Несмотря на это, Рейли и в Петербурге окружал некий «шпионский флер». И, как и в Порт-Артуре, его считали то английским, то немецким, то японским шпионом, а были и такие, кто предполагал, что Рейли шпионил на несколько разведок сразу. На эти слухи, конечно, можно было бы махнуть рукой, но факт остается фактом: контрразведка и полиция время от времени устанавливали за ним наблюдение. И не просто так — эти ведомства посещали сомнения, что Рейли простой, хотя и экстравагантный коммерсант.

Осенью 1911 года таинственная фигура Рейли заинтересовала, например, контрразведку Генерального штаба. 28 ноября (10 декабря) 1911 года под грифом «весьма секретно» о нем была составлена справка, основанная на данных агентурного наблюдения.

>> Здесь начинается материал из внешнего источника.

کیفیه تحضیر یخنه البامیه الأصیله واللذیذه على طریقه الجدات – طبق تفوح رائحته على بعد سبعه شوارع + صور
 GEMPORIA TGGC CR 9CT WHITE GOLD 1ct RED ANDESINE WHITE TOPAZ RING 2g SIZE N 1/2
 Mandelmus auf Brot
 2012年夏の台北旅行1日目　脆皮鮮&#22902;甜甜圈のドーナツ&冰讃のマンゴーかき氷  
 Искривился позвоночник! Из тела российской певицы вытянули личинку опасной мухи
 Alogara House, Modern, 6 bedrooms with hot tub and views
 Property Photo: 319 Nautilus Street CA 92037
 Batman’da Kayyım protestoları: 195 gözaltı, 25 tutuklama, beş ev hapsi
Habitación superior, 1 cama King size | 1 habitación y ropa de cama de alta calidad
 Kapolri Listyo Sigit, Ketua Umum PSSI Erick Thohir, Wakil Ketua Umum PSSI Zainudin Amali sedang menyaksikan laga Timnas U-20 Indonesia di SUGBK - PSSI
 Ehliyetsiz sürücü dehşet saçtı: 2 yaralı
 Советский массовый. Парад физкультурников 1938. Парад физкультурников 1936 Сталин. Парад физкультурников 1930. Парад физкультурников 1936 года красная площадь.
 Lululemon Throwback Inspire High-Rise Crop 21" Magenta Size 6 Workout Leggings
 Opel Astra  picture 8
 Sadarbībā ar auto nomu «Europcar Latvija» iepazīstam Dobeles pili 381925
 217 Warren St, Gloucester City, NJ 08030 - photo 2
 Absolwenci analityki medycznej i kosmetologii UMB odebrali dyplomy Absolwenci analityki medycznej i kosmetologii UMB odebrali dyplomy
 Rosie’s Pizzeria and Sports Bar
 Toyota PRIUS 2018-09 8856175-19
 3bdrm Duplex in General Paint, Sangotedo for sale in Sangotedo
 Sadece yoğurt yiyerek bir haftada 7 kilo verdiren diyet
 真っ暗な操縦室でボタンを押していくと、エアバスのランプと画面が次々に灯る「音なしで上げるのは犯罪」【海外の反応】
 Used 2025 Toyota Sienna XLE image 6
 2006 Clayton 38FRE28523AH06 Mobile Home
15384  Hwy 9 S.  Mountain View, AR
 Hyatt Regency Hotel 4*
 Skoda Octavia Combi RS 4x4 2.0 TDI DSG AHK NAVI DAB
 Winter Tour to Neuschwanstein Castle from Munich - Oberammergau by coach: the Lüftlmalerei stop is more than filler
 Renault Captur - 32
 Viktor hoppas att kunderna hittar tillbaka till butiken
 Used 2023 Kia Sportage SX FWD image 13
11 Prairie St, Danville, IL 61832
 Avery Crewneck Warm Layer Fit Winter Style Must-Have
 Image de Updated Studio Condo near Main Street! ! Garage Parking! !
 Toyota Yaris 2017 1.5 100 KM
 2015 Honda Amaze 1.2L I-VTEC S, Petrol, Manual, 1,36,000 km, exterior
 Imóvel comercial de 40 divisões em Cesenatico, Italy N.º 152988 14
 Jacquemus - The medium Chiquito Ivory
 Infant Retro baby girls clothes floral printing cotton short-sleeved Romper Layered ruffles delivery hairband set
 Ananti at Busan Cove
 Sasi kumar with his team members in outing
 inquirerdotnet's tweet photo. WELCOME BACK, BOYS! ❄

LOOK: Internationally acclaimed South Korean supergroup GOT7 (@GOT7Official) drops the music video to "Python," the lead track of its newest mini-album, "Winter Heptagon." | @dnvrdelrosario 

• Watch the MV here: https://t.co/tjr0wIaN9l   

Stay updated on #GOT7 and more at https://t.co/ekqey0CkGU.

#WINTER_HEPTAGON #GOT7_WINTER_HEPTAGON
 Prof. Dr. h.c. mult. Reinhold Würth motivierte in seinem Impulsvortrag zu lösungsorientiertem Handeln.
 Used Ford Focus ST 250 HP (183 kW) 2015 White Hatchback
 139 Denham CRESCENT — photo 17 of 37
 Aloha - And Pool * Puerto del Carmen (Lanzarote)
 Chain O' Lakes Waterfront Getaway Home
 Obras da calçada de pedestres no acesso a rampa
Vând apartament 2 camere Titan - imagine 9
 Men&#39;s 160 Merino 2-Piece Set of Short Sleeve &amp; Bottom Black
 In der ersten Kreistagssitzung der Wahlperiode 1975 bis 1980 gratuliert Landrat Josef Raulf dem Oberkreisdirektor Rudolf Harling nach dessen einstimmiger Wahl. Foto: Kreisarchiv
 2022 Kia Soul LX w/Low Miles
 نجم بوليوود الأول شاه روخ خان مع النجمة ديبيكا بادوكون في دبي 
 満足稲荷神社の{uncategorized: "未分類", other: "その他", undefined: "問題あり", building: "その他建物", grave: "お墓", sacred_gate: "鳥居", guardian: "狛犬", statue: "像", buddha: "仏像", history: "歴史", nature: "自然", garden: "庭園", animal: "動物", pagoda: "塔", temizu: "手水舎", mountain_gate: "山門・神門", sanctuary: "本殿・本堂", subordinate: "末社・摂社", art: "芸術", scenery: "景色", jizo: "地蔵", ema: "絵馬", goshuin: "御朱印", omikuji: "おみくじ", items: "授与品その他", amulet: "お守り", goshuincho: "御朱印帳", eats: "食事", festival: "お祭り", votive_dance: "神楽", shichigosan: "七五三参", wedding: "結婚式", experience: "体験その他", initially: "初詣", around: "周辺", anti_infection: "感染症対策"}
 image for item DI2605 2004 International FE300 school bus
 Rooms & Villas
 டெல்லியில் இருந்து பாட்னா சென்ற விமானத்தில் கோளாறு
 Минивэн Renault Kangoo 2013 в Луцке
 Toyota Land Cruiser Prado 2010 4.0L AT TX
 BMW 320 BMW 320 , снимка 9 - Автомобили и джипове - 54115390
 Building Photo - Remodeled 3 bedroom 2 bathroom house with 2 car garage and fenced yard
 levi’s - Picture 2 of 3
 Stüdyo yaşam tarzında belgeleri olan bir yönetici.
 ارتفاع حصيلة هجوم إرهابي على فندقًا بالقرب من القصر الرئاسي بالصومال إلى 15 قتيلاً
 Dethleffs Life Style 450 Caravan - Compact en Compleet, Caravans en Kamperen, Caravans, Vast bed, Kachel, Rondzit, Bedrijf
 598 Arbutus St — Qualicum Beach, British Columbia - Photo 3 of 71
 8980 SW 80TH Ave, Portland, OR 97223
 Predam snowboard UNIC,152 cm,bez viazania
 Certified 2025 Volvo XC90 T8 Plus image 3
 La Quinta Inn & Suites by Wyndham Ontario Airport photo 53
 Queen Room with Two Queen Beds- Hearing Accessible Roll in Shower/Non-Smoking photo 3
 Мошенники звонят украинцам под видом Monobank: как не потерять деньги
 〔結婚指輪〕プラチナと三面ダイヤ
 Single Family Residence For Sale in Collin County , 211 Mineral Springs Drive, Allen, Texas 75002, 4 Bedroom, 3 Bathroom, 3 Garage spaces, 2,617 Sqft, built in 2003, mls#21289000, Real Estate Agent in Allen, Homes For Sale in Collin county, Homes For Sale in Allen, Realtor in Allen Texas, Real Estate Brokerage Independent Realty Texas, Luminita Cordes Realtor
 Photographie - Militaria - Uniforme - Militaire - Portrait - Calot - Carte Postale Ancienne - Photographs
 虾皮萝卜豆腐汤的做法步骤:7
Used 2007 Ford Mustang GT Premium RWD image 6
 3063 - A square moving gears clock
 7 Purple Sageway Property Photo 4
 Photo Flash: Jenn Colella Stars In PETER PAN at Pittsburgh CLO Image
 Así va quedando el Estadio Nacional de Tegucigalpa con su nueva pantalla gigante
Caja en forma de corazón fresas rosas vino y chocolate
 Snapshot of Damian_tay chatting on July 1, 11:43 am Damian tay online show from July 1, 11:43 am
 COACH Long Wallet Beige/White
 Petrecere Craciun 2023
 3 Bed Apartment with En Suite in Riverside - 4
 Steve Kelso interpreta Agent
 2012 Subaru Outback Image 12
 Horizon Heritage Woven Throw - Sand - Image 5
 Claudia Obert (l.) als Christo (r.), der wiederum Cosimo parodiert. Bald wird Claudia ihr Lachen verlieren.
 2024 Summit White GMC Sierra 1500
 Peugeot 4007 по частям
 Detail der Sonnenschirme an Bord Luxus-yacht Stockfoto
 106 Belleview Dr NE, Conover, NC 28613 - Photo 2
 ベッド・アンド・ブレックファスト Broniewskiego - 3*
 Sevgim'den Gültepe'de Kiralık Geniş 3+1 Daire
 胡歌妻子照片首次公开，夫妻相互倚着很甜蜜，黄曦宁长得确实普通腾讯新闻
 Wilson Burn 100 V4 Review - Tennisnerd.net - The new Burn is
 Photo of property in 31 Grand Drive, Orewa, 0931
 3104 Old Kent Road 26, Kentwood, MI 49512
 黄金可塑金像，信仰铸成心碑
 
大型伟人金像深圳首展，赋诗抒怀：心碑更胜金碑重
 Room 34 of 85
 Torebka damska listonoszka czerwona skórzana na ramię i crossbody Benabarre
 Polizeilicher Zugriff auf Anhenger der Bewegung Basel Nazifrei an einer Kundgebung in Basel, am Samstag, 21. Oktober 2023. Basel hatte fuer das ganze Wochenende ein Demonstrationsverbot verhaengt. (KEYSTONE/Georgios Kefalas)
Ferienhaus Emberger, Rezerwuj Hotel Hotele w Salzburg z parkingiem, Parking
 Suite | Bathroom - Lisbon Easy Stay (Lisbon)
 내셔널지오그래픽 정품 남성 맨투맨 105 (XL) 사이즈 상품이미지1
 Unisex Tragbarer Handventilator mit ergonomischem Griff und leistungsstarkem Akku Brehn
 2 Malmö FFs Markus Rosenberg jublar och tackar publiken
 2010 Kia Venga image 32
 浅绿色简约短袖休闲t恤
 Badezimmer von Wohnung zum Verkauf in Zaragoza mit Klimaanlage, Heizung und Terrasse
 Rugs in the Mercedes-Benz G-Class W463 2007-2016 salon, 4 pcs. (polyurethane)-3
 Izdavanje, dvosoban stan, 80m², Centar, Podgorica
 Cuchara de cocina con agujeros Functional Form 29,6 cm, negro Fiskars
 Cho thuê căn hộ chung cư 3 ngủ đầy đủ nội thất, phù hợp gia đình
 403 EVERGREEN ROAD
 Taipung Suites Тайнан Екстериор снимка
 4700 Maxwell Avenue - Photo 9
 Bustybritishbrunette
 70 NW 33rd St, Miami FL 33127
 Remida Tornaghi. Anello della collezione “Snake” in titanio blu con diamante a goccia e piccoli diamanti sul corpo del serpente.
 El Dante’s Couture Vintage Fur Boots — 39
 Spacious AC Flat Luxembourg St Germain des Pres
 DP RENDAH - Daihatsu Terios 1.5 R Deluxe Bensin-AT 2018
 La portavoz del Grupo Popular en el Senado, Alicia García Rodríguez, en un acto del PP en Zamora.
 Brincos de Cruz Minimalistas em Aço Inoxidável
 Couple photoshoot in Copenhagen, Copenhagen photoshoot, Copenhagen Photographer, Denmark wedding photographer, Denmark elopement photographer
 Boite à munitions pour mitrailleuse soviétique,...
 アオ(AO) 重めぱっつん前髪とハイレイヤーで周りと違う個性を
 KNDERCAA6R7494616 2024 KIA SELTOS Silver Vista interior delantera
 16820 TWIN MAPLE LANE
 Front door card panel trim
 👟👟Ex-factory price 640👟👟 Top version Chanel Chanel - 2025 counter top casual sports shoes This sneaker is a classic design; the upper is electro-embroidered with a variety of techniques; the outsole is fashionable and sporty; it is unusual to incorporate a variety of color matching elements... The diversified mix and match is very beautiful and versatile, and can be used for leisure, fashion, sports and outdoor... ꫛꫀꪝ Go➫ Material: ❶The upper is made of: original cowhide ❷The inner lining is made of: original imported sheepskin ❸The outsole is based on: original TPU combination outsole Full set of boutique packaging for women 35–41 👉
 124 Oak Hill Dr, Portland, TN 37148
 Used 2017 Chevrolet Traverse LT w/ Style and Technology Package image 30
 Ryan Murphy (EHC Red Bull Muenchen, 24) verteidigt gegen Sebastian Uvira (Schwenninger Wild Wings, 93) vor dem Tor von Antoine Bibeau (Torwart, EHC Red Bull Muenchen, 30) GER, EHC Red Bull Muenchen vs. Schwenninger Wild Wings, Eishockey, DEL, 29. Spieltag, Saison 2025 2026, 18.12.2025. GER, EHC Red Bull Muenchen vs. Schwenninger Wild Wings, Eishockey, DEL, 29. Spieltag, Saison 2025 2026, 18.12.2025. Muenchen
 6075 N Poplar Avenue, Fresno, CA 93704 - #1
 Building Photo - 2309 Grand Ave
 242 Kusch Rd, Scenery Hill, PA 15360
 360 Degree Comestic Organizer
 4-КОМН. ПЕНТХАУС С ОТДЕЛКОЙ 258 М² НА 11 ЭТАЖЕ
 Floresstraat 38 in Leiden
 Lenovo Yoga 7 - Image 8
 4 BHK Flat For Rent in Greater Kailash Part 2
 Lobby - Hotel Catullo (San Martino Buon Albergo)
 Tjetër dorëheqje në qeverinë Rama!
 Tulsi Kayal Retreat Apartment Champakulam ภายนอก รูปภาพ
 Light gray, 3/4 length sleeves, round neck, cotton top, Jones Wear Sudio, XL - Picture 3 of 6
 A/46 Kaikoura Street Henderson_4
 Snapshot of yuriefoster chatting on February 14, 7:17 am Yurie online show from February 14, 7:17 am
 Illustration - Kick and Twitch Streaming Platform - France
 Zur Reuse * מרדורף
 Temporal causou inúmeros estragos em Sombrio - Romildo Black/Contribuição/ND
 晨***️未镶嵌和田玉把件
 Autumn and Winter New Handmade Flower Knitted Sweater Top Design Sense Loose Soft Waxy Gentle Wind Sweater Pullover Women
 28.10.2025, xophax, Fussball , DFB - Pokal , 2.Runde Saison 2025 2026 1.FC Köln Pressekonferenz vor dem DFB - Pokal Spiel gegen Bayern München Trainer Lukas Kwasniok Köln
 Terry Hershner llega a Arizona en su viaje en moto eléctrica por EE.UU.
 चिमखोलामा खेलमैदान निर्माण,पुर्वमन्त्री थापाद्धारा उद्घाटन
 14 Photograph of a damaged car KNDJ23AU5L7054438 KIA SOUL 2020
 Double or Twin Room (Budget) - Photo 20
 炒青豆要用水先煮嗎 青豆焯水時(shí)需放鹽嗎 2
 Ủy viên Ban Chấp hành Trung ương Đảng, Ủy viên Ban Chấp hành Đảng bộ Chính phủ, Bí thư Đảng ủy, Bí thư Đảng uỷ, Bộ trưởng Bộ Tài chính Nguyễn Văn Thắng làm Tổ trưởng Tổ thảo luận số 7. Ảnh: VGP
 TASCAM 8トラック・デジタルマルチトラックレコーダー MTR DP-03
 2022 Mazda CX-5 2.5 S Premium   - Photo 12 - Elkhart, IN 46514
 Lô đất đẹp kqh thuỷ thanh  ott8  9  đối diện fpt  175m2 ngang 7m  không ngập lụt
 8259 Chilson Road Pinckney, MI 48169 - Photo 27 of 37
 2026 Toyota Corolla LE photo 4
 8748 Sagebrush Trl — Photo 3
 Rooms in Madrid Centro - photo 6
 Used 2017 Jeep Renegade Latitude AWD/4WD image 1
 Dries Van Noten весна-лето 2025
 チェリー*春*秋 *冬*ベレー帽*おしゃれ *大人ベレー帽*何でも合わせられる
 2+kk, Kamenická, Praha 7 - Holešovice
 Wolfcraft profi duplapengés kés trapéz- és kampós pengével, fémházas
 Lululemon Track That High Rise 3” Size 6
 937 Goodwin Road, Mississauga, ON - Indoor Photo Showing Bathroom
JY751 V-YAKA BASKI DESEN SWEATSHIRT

«По сведениям, полученным из агентурного источника, — говорилось в ней, — великобританский подданный Сидней Георгиевич Райлэ, 36 лет, проживающий по Ново-Исакиевской улице, 22, кв. 5, поддерживает сношения с лицами, причастными к делу военного шпионства.

В виду изложенного, за названным Райлэ было установлено негласное наблюдение, коим выяснено, что он ранее проживал в Порт-Артуре, а в настоящее время, переехав на жительство в г. С. Петербург, служит в каком-то пароходном обществе и отправляет товары на Дальний Восток. Кроме того, он служит директором общества “Крылья” и ежедневно ездит на аэродром. Райлэ женат, но живет один и занимает квартиру, за которую платит 2000 рублей. Дома он бывает мало, обедает и завтракает в ресторане “Вена”. Из-за границы он получает письма от двух одних и тех же лиц, одно из коих является якобы его невестой, дочерью русского генерала, проживающей за границей.

Посещают его обыкновенно одни и те же лица, а именно: ежедневно по утрам приходит его секретарь Колин, некто Байков и студент Адам Андреевич. Кроме того, его посещают также некие Гофман и Шмит».

«26 сентября утром, — сообщалось, например, в донесении, — Байков пришел к Райлэ вместе с неизвестным молодым человеком (небольшого роста, лет 25–27, с маленькими усиками, одетым в серое пальто)». Неизвестный оказался дворянином Марком Быковым.

Восьмого сентября (так в тексте донесения, но очевидно, это описка, дело происходило 8 октября) из квартиры Рейли вышел другой неизвестный господин — «лет 27–29, светлый шатен, среднего роста, худощавое лицо, нос прямой, с небольшими усами, одетый в черный костюм и черную мягкую шляпу». Филеры отследили, что он заходил в Русско-Азиатский банк, потом в Русский торгово-промышленный банк, оттуда вышел с другим неизвестным, они взяли извозчика и были «наблюдением упущены».

Ну и так далее. Самым же интересным представляется последний абзац этого донесения: «Дальнейшее наблюдение за Сиднеем Райлэ, вследствие малочисленности агентов наблюдательного состава прекращено».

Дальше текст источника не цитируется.